Bean There coffee founder Jonathan Robinson said personal relationships with coffee growers were necessary to maintain a sustainable coffee industry.

“Ensuring the sustainability of the coffee industry requires coffee companies to form direct relationships with their growers.

“Farmer education, more sustainable techniques and technologies as well as ongoing research are needed in order to support coffee farmer economies,” he said.

Bean There became one of the first coffee roasters in South Africa to be certified by Fairtrade.

The Fairtrade label was established to serve the interests and rights of farmers, workers and producers. Paying fair prices motivates farmers to grow their businesses and innovate how and where they grow their crop.

“We pay consistent, fair prices for our beans and we conduct regular trips to meet with, receive feedback from and support training programmes for growers in the co-ops we purchase from,” said Robinson.

David Donde from Truth Coffee Roasting said he saw no value in the Fairtrade label.

“We have hundreds of bags here and no one knows the labels on them.

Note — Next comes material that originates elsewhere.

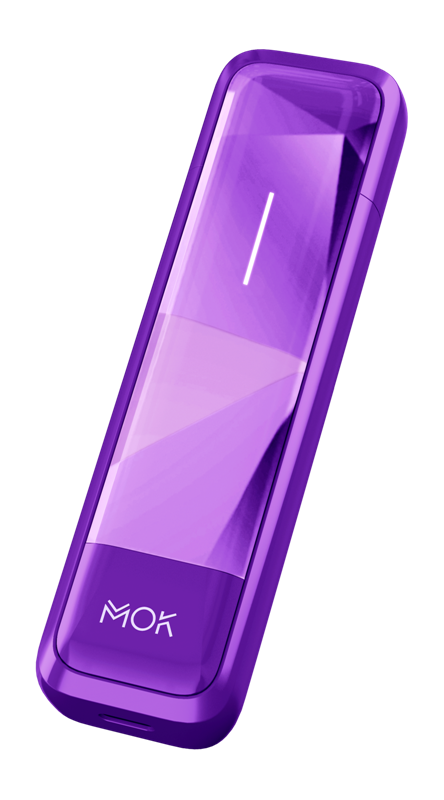 картинка Устройство для Нагревания Табака MOK - Фиолетовый Космос от магазина BigSmoke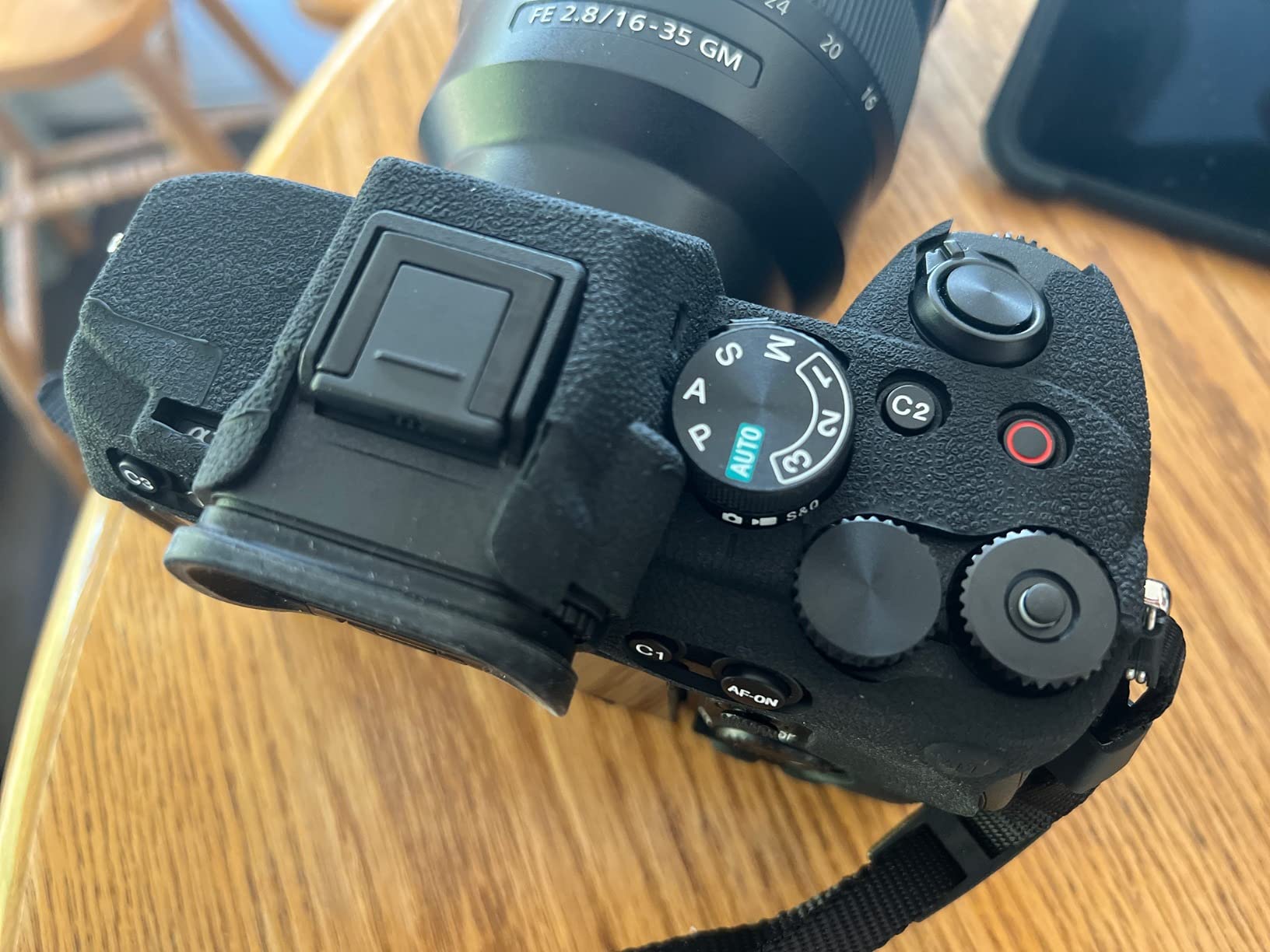 Rieibi Alpha 7 IV Camera Case, Soft Silicone Protective Case for Sony a7 IV Digital Camera, Lightweight Cover for Sony A7IV A7M4 - Black customer photo 1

If you have farmer A that gets certification and farmer B that doesn’t, but the quality is the same, then who benefits?”

He adds: “You don’t need a certification because if you’re ethical it doesn’t matter. Fairtrade works for those that are in the system and does a lot of good, but for those out of the system there’s no value.”

Donde said climate change was constant and change in coffee produce was inevitable.

“The places where certain coffees are grown will change and this will cause migration of farmers, but climate change won’t stop coffee from being grown,” he said.

Truth Coffee Roasting was named as the best coffee shop in the world by the UK’s Daily Telegraph.

Donde said it was a challenge to find people who were truly passionate about coffee, and being located in the southern tip of Africa was difficult while bureaucratic red tape remained a stumbling block.

“We’ve been doing it successfully for 13 years. Africa not only produces the finest-quality coffee beans with the best aroma and taste, it is also a continent rich in innovative ideas that support the environment and make coffee production sustainable and affordable for producers, distributors and consumers,” he said.